Françoise Brié, porte-parole, de la Fédération nationale Solidarité Femmes, explique combien l’isolement, le manque de mobilité et de structures spécialisées augmentent les difficultés des femmes victimes de violences.

Célia Coudret  • 25 mars 2016
Partager :
Violences conjugales : « En zone rurale, plus dur de s’en sortir »
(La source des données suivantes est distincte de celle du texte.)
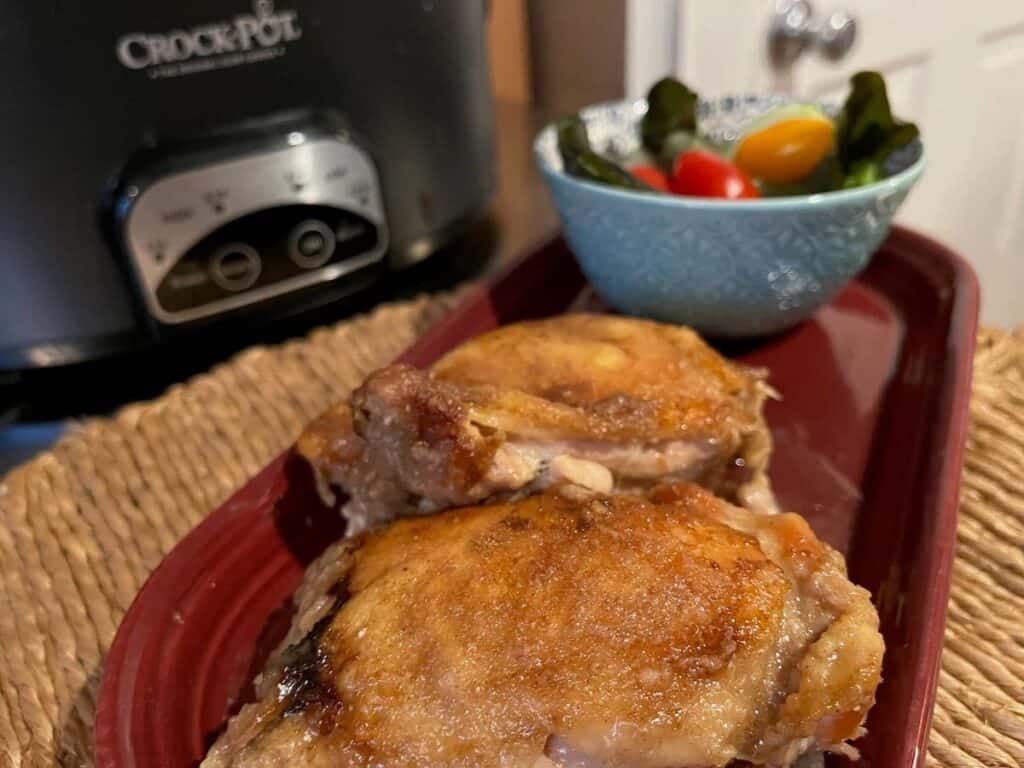 Image shows fried chicken in the crock pot recipe.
© Crédit photo: GARO / PHANIE

De nombreuses études ont été publiées sur les violences conjugales en France, mais peu encore se sont penchées sur la situation des femmes qui en sont victimes dans les zones rurales. Les violences faites aux femmes en milieu rural, publiée le 24 mars par le réseau d’associations Solidarité Femmes, met en lumière les difficultés particulières que ces dernières rencontrent pour sortir de la violence. Une étude menée par 11 des associations de ce réseau, auprès de 730 femmes en 2011-2012 et 1.134 en 2014, dans les zones rurales des régions Midi-Pyrénées et Pays-de-la-Loire. Françoise Brié, porte-parole de la Fédération nationale de Solidarité Femmes, revient sur ses principales constatations.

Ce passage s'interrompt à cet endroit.